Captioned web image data
+---+
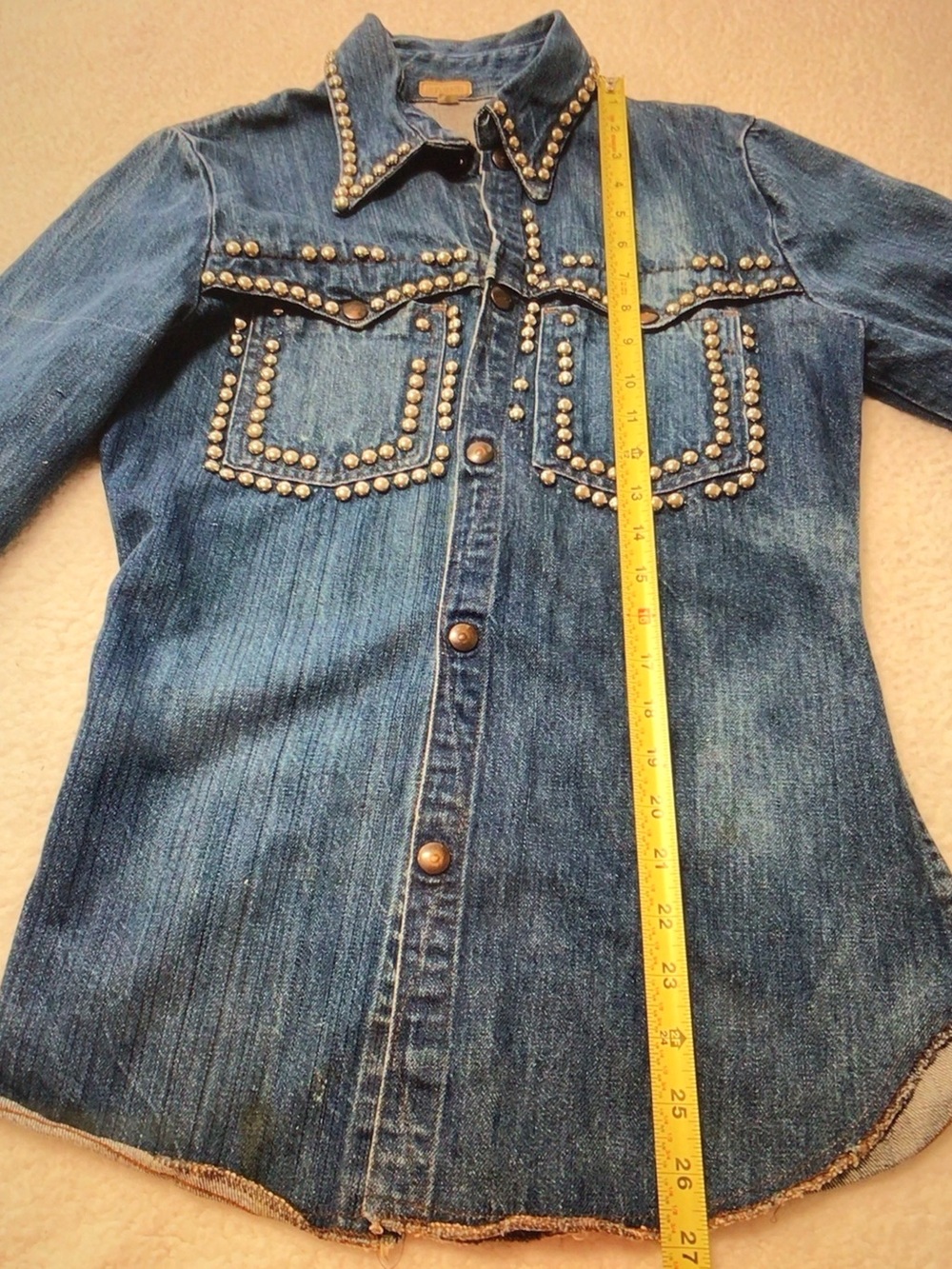 VTG Inega Studded Blue Denim Shirt - Women's Blouse - Picture 5 of 7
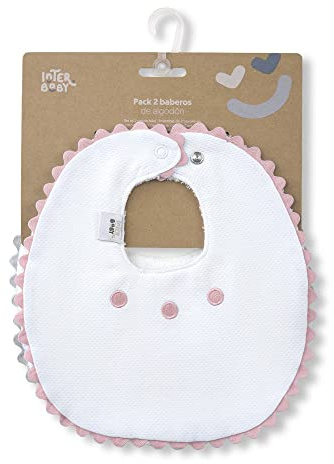 Pack 2 Baberos ribetes en rosa y gris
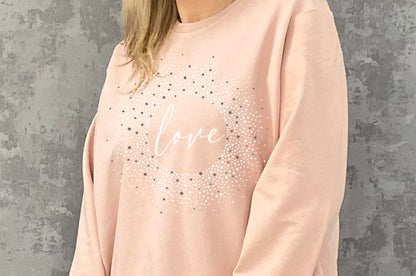 Love Spotty Oversized Cotton Mix Sweatshirt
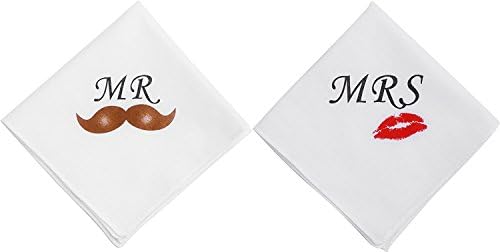 Wishprom Set of 2 Mr and Mrs Handkerchiefs, Personalized Wedding Gift, Romantic Gift Idea for Couples
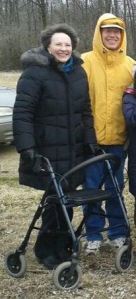 Priscilla also used her walker to help with a Grad IV service project at a community garden.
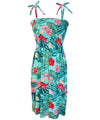 Smock Tube-Top Short Hawaiian Dress Palms Hibiscus Aqua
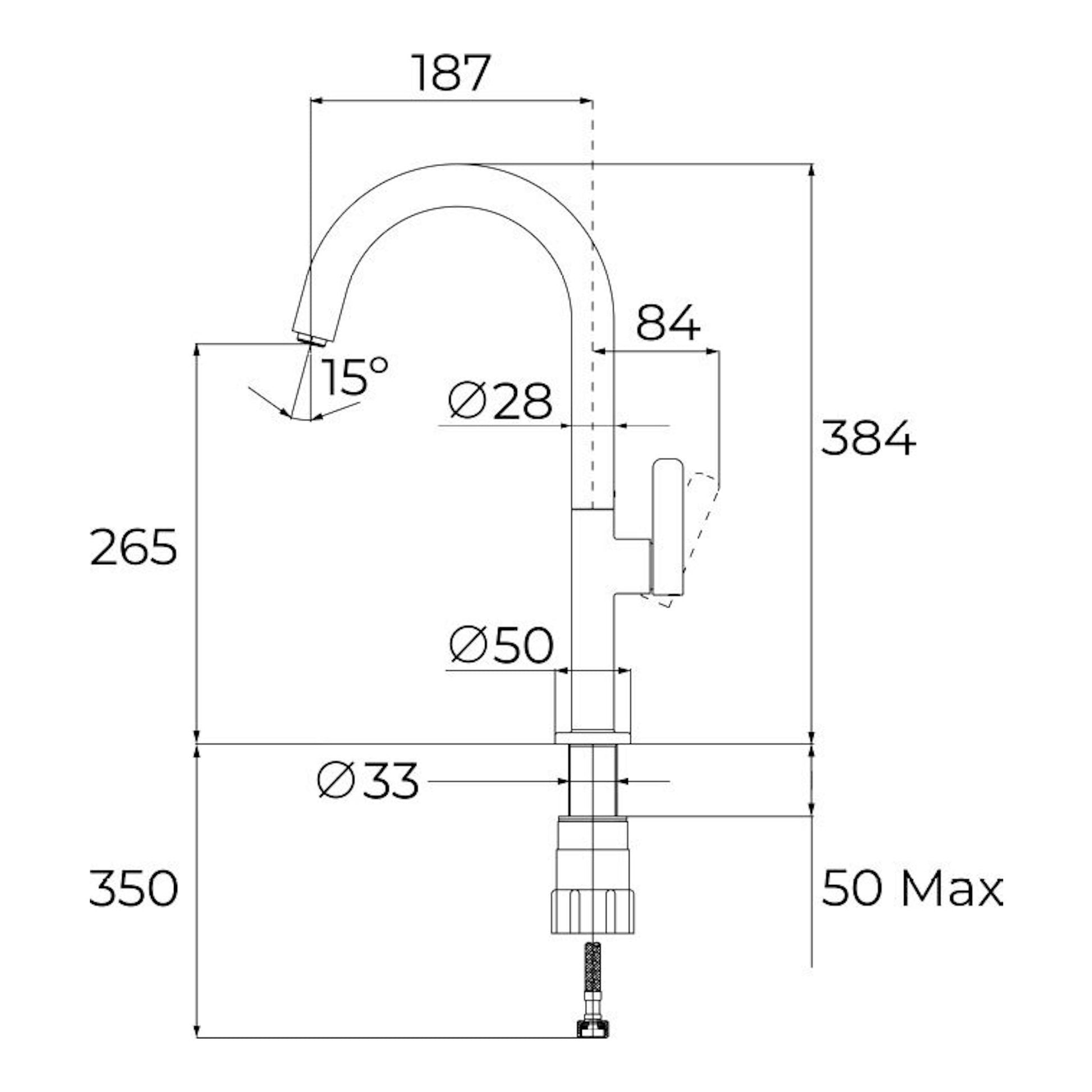 Grifo Teka OVAL 915, vista lateral, dibujo técnico en blanco y negro con medidas y caño curvo.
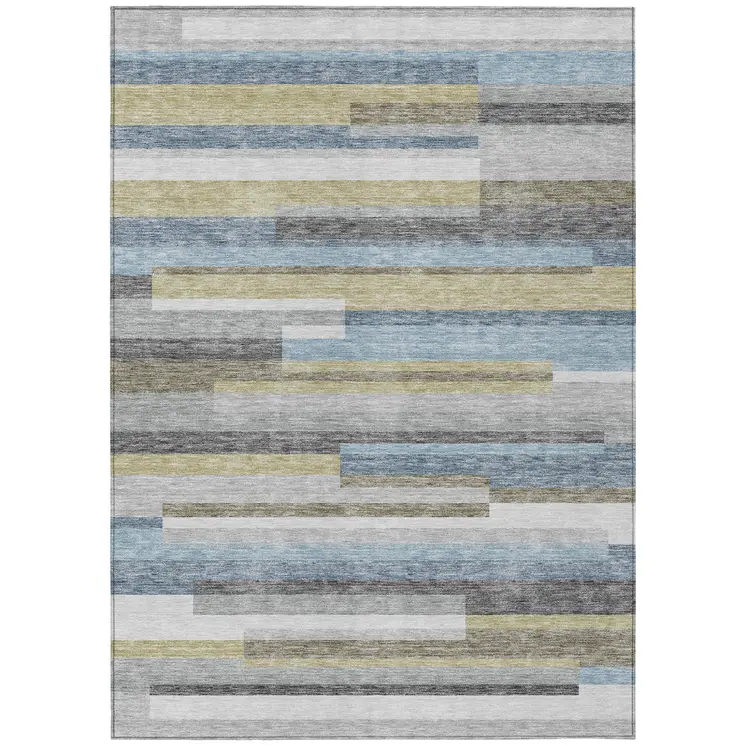 8' X 10' Gray Denim Blue And Sky Blue Striped Washable Indoor Outdoor Area Rug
+---+
| ABOUT THIS EXERCISE |
None of the pictures belongs in the answer, but all the entries must be repeated exactly.

| YOUR SOLUTION |
 VTG Inega Studded Blue Denim Shirt - Women's Blouse - Picture 5 of 7
 Pack 2 Baberos ribetes en rosa y gris
 Love Spotty Oversized Cotton Mix Sweatshirt
 Wishprom Set of 2 Mr and Mrs Handkerchiefs, Personalized Wedding Gift, Romantic Gift Idea for Couples
 Priscilla also used her walker to help with a Grad IV service project at a community garden.
 Smock Tube-Top Short Hawaiian Dress Palms Hibiscus Aqua
 Grifo Teka OVAL 915, vista lateral, dibujo técnico en blanco y negro con medidas y caño curvo.
 8' X 10' Gray Denim Blue And Sky Blue Striped Washable Indoor Outdoor Area Rug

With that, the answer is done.